In other words, you can use security rules to enforce that a certain field
contains a list or a map, but you can not enforce that a field contains a list
of all integers or all strings.
Similarly, you can use security rules to enforce type values for specific entries in a list or a map (using brakets notation or key names respectively), but there is no shortcut to enforce the data types of all members in a map or a list at once.

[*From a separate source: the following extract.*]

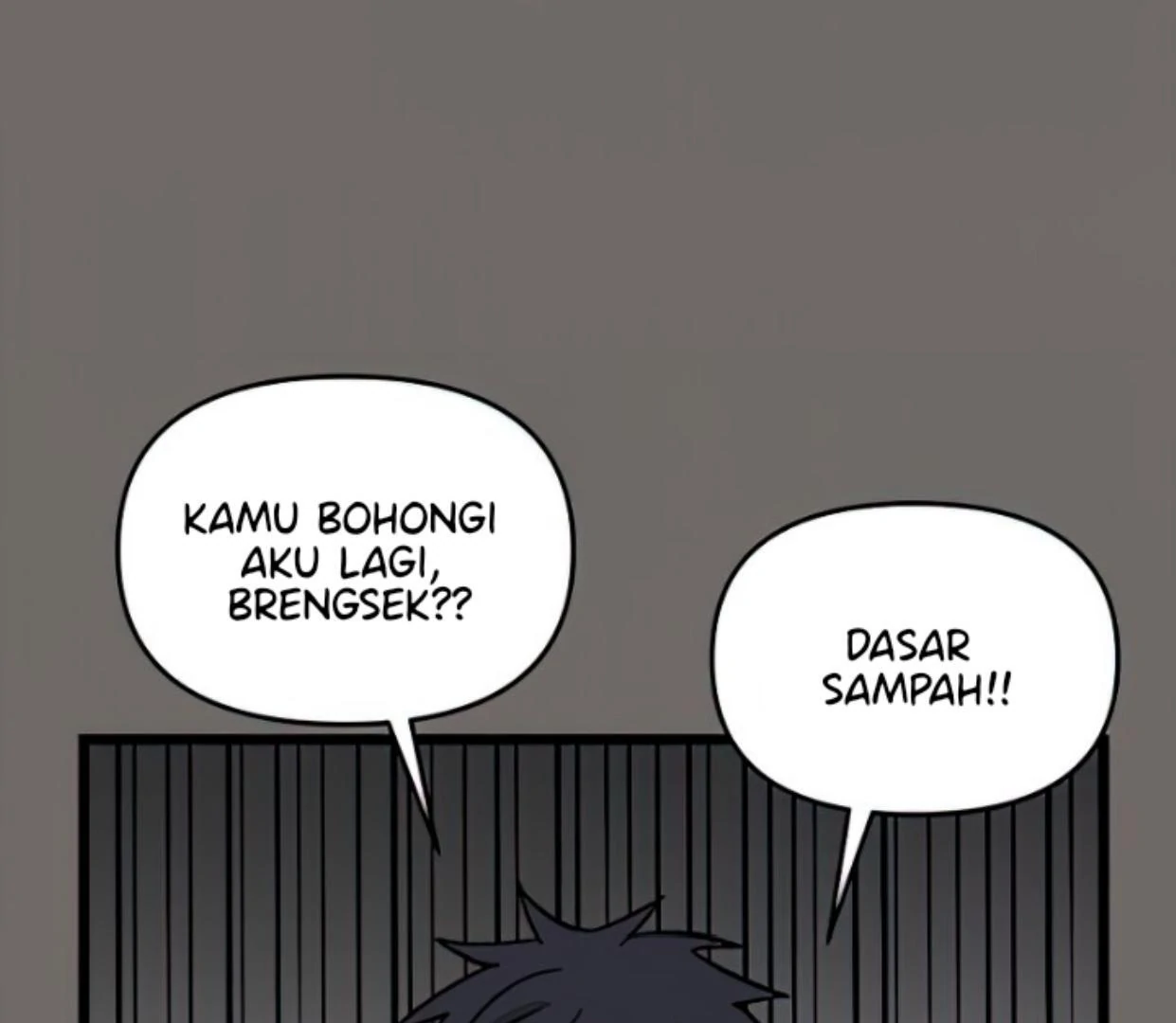 Homeless Chapter 160 - halaman 76
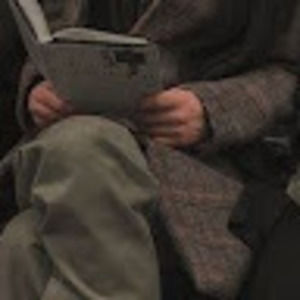 Meet your Posher, Inaba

For example, the following rules ensure that a tags
field in a document
contains a list and that the first entry is a string. It also ensures that
the product
field contains a map that in turn contains a product name that
is a string and a quantity that is an integer.
service cloud.firestore {
match /databases/{database}/documents {
match /orders/{orderId} {
allow create: if request.resource.data.tags is list &&
request.resource.data.tags[0] is string &&
request.resource.data.product is map &&
request.resource.data.product.name is string &&
request.resource.data.product.quantity is int
}
}
}
}
Field types need to be enforced when both creating and updating a document. Therefore, you might want to consider creating a helper function that you can call in both the create and update sections of your security rules.
service cloud.firestore {
match /databases/{database}/documents {
function reviewFieldsAreValidTypes(docData) {
return docData.score is int &&
docData.headline is string &&
docData.content is string &&
docData.author_name is string &&
docData.review_date is timestamp;
}
match /restaurant/{restId} {
// Restaurant rules go here...
match /review/{reviewId} {
allow create: if reviewFieldsAreValidTypes(request.resource.data) &&
// Other rules may go here
allow update: if reviewFieldsAreValidTypes(request.resource.data) &&
// Other rules may go here
}
}
}
}
Enforcing types for optional fields
It's important to remember that calling request.resource.data.foo
on a
document where foo
doesn't exist results in an error, and therefore any
security rule making that call will deny the request. You can handle this
situation by using the get
method on request.resource.data
. The get
method allows you to provide a
default argument for the field you're retrieving from a map if that field
doesn't exist.
For example, if review documents also contain an optional photo_url
field
and an optional tags
field that you want to verify are strings and lists
respectively, you can accomplish this by rewriting the
reviewFieldsAreValidTypes
function to something like the following:
function reviewFieldsAreValidTypes(docData) {
return docData.score is int &&
docData.headline is string &&
docData.content is string &&
docData.author_name is string &&
docData.review_date is timestamp &&
docData.get('photo_url', '') is string &&
docData.get('tags', []) is list;
}
This rejects documents where tags
exists, but isn't a list, while still
permitting documents that don't contain a tags
(or photo_url
) field.
Partial writes are never allowed
One final note about Firestore Security Rules is that they either allow the client to make a change to a document, or they reject the entire edit. You cannot create security rules that accept writes to some fields in your document while rejecting others in the same operation.